Le débat sur la transition énergétique a réuni 10 000 Rhônalpins. C’est réellement beaucoup, mais au-delà de ce chiffre et du nombre impressionnant de réunions, il convient de dresser un bilan.

C’est une insuffisance de démocratie vraie, qu’un débat dans une région, qui se présente comme la première région industrielle de France, la première région énergétique d’Europe, ne soit pas organisé sur des bases équilibrées.

Sous couvert de spontanéité, de démocratie locale, d’ouverture, de nombreuses réunions ont abordé les enjeux énergétiques sous un angle local intéressant mais insuffisant, ou avec une approche étroite.

Dès le mois de décembre, des représentants des entreprises et des travailleurs, avaient le sentiment que les dés étaient pipés. Que les conclusions étaient écrites à l’avance.

Le Conseil Economique Social et Environnemental (Ceser) a engagé un débat intéressant sur le fond. Mais les conseillers du Ceser ont peiné à vraiment échanger. La voix du Ceser n’a pas été entendue. Assemblée de vétérans de la vie économique et sociale, le Ceser doit rapidement changer de style pour faire entendre la voix de la ” société civile organisée “.

Le Ceser compte en effet des représentants d’organisations de travailleurs, d’entrepreneurs, d’institutions représentatives par le nombre de leurs adhérents, leur expérience de la vie sociale, leurs responsabilités et leur indépendance. Ces associations et autres syndicats montrent qu’ils peuvent contribuer au débat.

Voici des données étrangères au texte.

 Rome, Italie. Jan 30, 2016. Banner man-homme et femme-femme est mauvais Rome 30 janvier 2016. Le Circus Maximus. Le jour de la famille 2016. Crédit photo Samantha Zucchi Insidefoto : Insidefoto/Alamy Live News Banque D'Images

Son avis étant écouté, sans plus, le Ceser est confronté à une crise de représentativité, en temes de générations, de mode de travail, de communication. Il y a urgence.

Car la majorité du Conseil régional lui préfère des associations dont la représentativité est très inférieure à celle des organisations syndicales de travailleurs ou à celle des organisations d’employeurs, qui sont aussi des ONG. De  nombreuses associations de défense de l’environnement ont une base militante étroite, d’autres ” ONG ” étant plutôt des structures de services dépendant de financements publics.

Entre consultatation participative tronquée et organisations traditionnelles parfois ronronnantes, la démocratie piétine.

C’est gênant, au moment où il faut régler des questions environnementales, mais aussi économiques et sociales.